Public health and health care in the US is in a scandalous state: not news, it has been and has deteriorated over time. Politically active people know this. It hard for me to avoid the conclusion that we care nationally about the economic impact and financial bulk of the ‘healthcare industry‘, but that we have no national interest in public health on any level, policy-wise. If we want affordable and effective medical care for all, it makes no sense to put into the hands of private interests who feel free to prey on the public, not serve them (except to each other, on a bed of rice).
This situation only benefits the mega players, who have reduced medical professions to the status of share croppers, and hospitals into something more like prison farms than infirmaries. We are in this situation because the United States has as a matter of policy rejected the idea that serving public health — and the health of the public — is in any way part of the mandate of government. Instead, we have relied on those who serve the public because they want to; that devotion to service is why doctors have been revered in America — why being a doctor still carries so much weight of respect and deference. Doctors, nurses, midwives earned the place in America’s heart that the medical industry is evicting them from.
What if the US had a commissioned corps — institutionally devoted to public service and public health - whose mission was improving and maintaining public health — a public-health *army* — whose commanding officer was one of the Joint Chiefs of Staff? Taken that seriously?
it sounds like pie in the sky, a “radical leftist restructuring” of Our American Way™...but it isn’t. There IS one: there’s been one since 1798. It currently rots, defunded and unused mostly, and in great disrepair; and it’s commanding general is virtually ignored by everyone.
Meet the United States Public Health Service Corps — whose “primary mission is to the protection, promotion, and advancement of health and safety of the general public”:
en.m.wikipedia.org/…
I encourage everyone to read up on it, but for now, let’s contemplate what a robust, fully-funded, fully-supported, fully-staffed career public-health service would mean to us today.
Like the armed services, it would prioritize preparation and readiness; it would acquire, maintain, and distribute necessary equipment and supplies in times of crisis; it would see to the training, education, and discipline of its members; it would be co-responsible for the CDC and the NIH with the Secretary of Health & Human Services; it would be co-responsible for VA hospitals with the armed services; it would establish at least one free public health clinic in every county in the US, staffed by medical and dispensary personnel; it would make and implement plans for testing, isolation, quarantines, and a health equivalent of martial law during health crises; it would train doctors, nurse, medical & pharmaceutical specialists to the necessary standards and in sufficient numbers — who could repay the nation with a six year term of service.
Really, that’s just the beginning.
If the PHC was held as one of the essential branches of the defense department, the Surgeon-General (yes, this is where the title comes from: it’s an actual *rank*) would sit in panel with the other Joint Chiefs, elevating the influence and arguing on behalf of the public in their deliberations.

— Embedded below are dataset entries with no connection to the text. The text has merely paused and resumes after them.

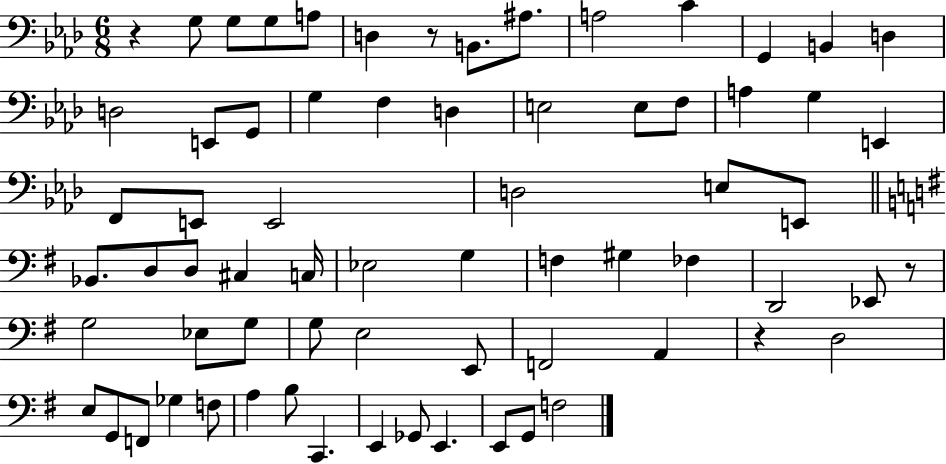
R/q G3/e G3/e G3/e A3/e D3/q R/e B2/e. A#3/e. A3/h C4/q G2/q B2/q D3/q D3/h E2/e G2/e G3/q F3/q D3/q E3/h E3/e F3/e A3/q G3/q E2/q F2/e E2/e E2/h D3/h E3/e E2/e Bb2/e. D3/e D3/e C#3/q C3/s Eb3/h G3/q F3/q G#3/q FES3/q D2/h Eb2/e R/e G3/h Eb3/e G3/e G3/e E3/h E2/e F2/h A2/q R/q D3/h E3/e G2/e F2/e Gb3/q F3/e A3/q B3/e C2/q. E2/q Gb2/e E2/q. E2/e G2/e F3/h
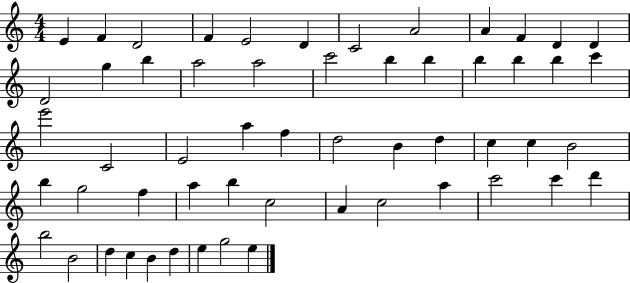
X:1
T:Untitled
M:4/4
L:1/4
K:C
E F D2 F E2 D C2 A2 A F D D D2 g b a2 a2 c'2 b b b b b c' e'2 C2 E2 a f d2 B d c c B2 b g2 f a b c2 A c2 a c'2 c' d' b2 B2 d c B d e g2 e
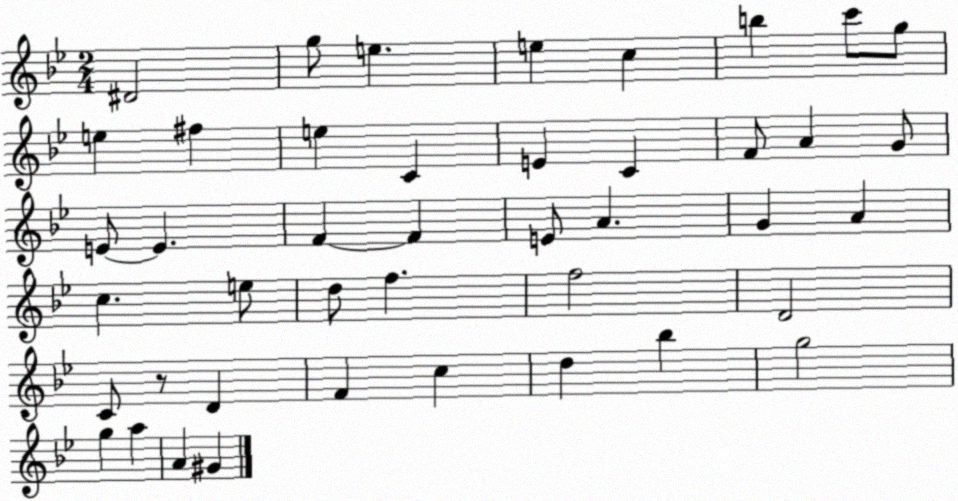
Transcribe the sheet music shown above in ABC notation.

X:1
T:Untitled
M:2/4
L:1/4
K:Bb
^D2 g/2 e e c b c'/2 g/2 e ^f e C E C F/2 A G/2 E/2 E F F E/2 A G A c e/2 d/2 f f2 D2 C/2 z/2 D F c d _b g2 g a A ^G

It wouldn’t be easy, the rise of the Military-Industrial complex and the rise of the Hospital-industrial complex have followed much the same path, and resurrecting the PHC could easily be seen as a funding threat. But if Medicare for All is a possibility, so is this.
With a fully functional public-health service in action, we would have had a handle on COVID-19 by now, the table of organization would include entities that are now as separated as deliberately disruptive policies has been able to arrange. With a fully functional PHC, we might have been able to avoid the privatization and official neglect that has made veterans’ health care and the military retirement system into scandals in their own right.
This is going to require leadership from the bottom. If we want to build on what we have and who we are, then we need to make AOC and Bernie and Elizabeth and JOE (examples close-to-mind, many others, too) know that we found out, push them to support a revitalized public-service Corps, encourage them to work it into the implementation of their healthcare plans, encourage them to elevate the role of the SG In policy-making.